### About this task
When you copy the data, keep every word exactly as it is and leave the pictures out.

### Dataset excerpt
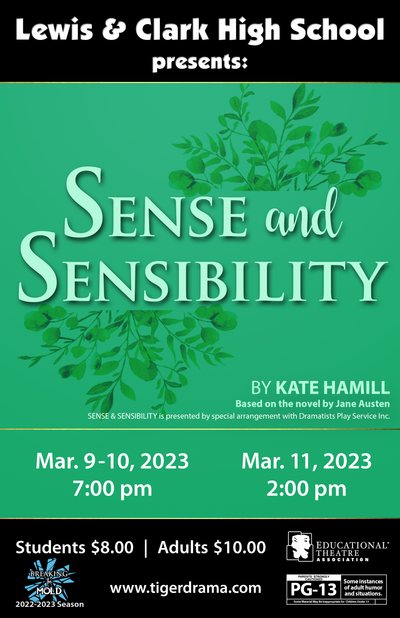 Sense & Sensibility — Tiger Drama 2022-2023 production poster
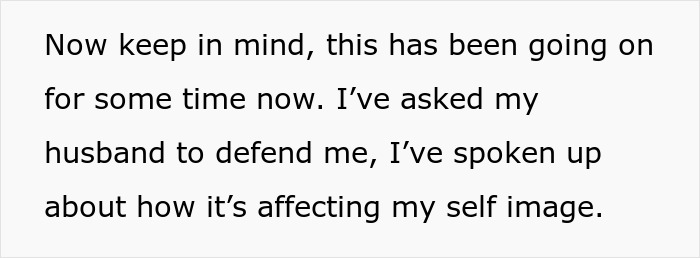 Woman speaks about how bullying by husband&rsquo;s friends affects her self image over time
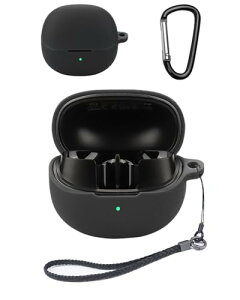 QCY MeloBuds Pro �P�[�X ���C�����X�C���z�� �[�d�P�[�X�J�o�[ �J���r�i �L�[�`�F�[���t�� �V���R���ی�P�[�X �����h�~ �ϏՌ� �h�o �L�Y�h�~ �w��h�~ QCY MeloBuds Pro �Ή� (�u���b�N)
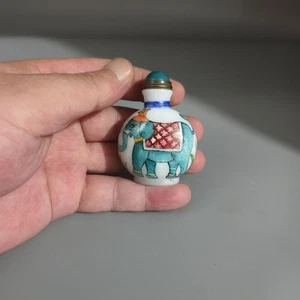 Ancient China, Beijing Collection, pure hand-painted, glass, snuff bottle - Picture 1 of 8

### Written solution
 Sense & Sensibility — Tiger Drama 2022-2023 production poster
 Woman speaks about how bullying by husband&rsquo;s friends affects her self image over time
 QCY MeloBuds Pro �P�[�X ���C�����X�C���z�� �[�d�P�[�X�J�o�[ �J���r�i �L�[�`�F�[���t�� �V���R���ی�P�[�X �����h�~ �ϏՌ� �h�o �L�Y�h�~ �w��h�~ QCY MeloBuds Pro �Ή� (�u���b�N)
 Ancient China, Beijing Collection, pure hand-painted, glass, snuff bottle - Picture 1 of 8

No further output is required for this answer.